- [Data under study]:
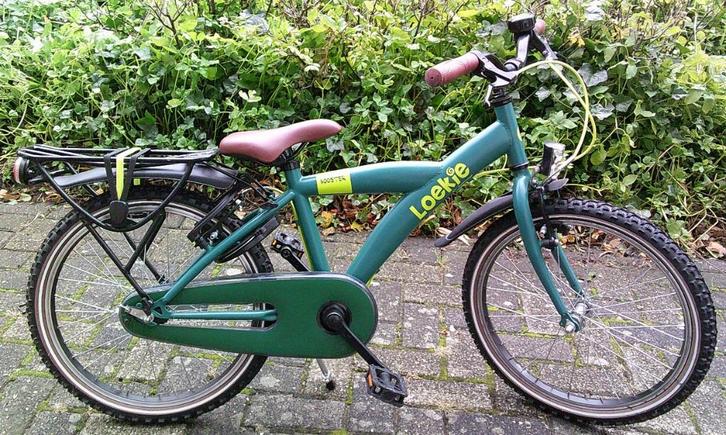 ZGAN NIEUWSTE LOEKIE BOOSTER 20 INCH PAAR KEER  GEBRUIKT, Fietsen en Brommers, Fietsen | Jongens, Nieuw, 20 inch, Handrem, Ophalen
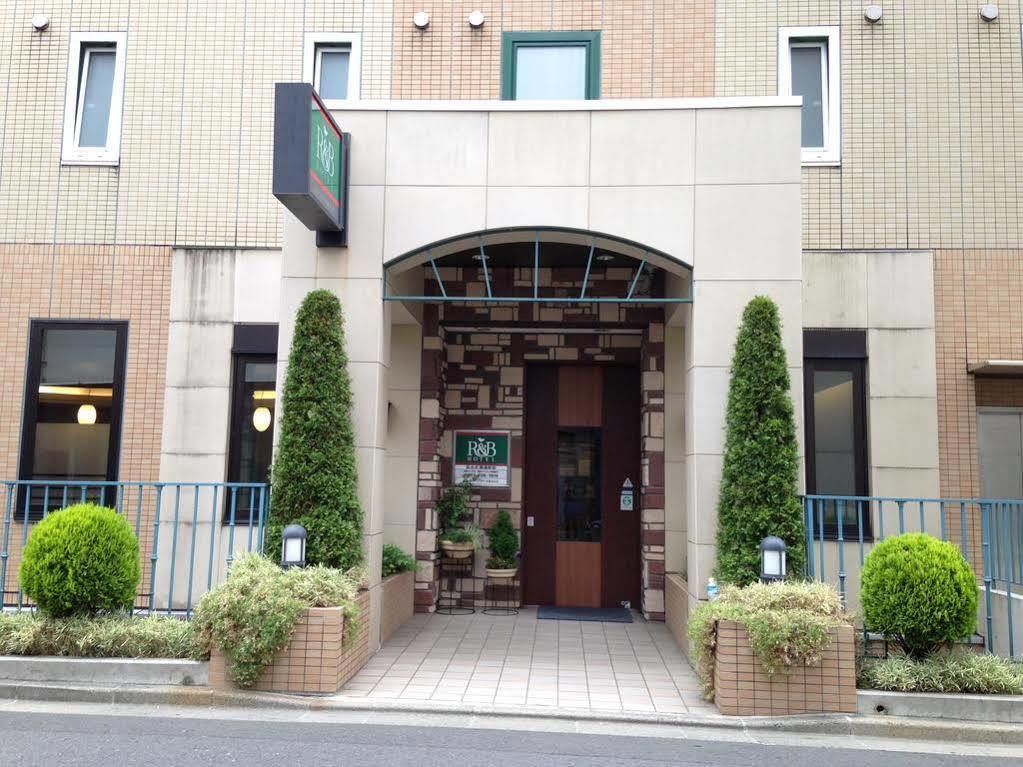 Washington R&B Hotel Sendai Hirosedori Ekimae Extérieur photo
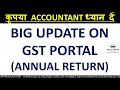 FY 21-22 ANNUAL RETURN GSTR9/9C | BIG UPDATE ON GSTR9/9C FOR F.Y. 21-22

--

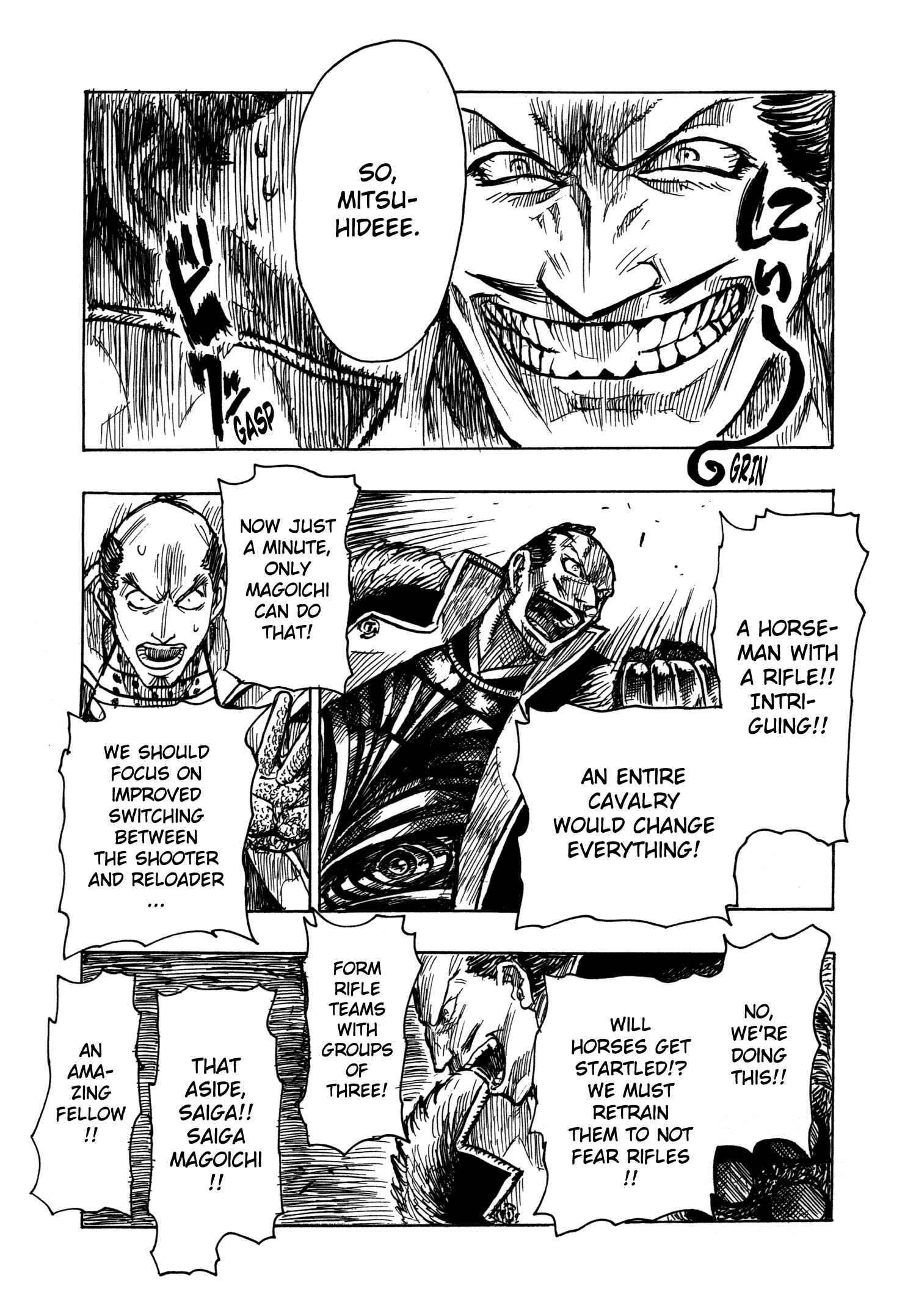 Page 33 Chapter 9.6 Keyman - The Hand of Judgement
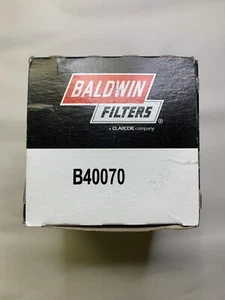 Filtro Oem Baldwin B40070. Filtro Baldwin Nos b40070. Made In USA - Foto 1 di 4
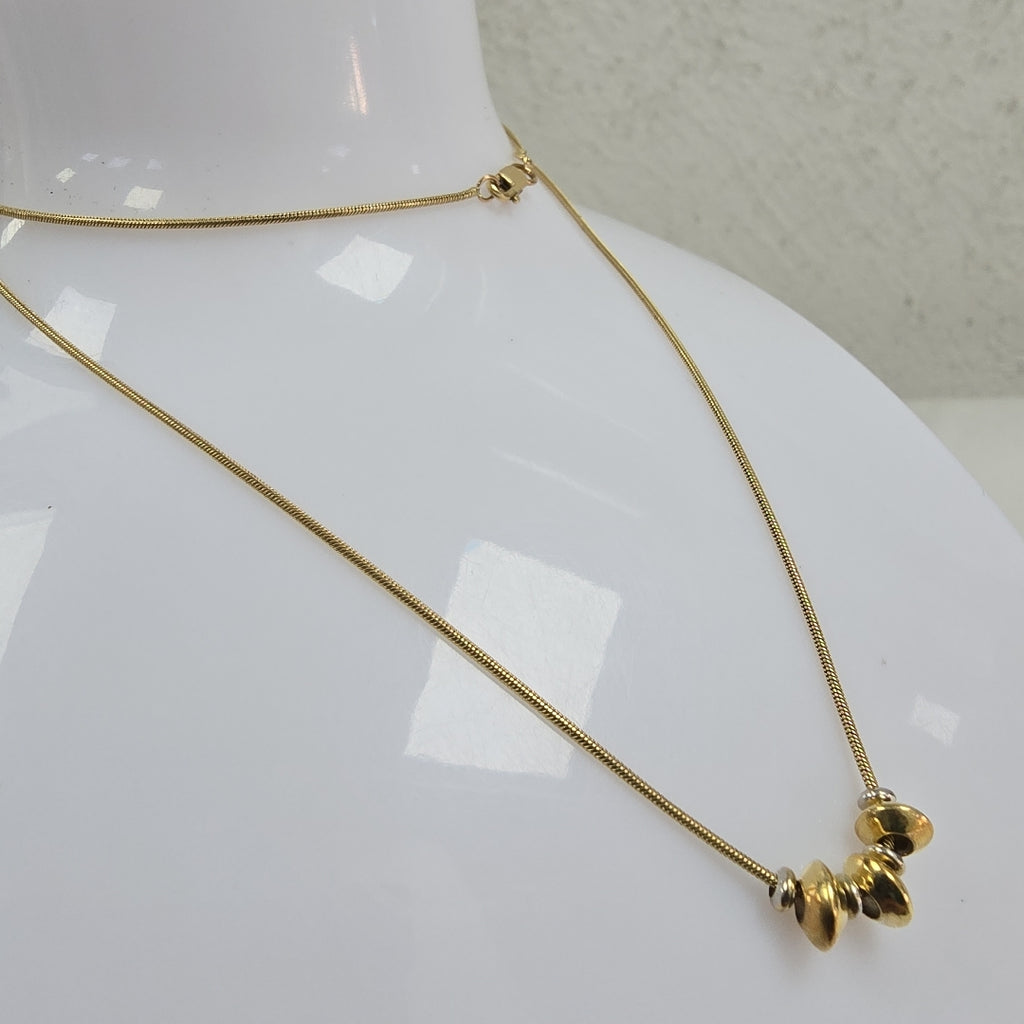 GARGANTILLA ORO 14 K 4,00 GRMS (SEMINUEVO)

- [The task]:
Could you transcribe exactly the entries above, but only the lines from the one with "Page 33 Chapter" through the one with "GARGANTILLA ORO 14 K 4,00 GRMS (SEMINUEVO)", and without pictures?

- [Problem solution]:
 Page 33 Chapter 9.6 Keyman - The Hand of Judgement
 Filtro Oem Baldwin B40070. Filtro Baldwin Nos b40070. Made In USA - Foto 1 di 4
 GARGANTILLA ORO 14 K 4,00 GRMS (SEMINUEVO)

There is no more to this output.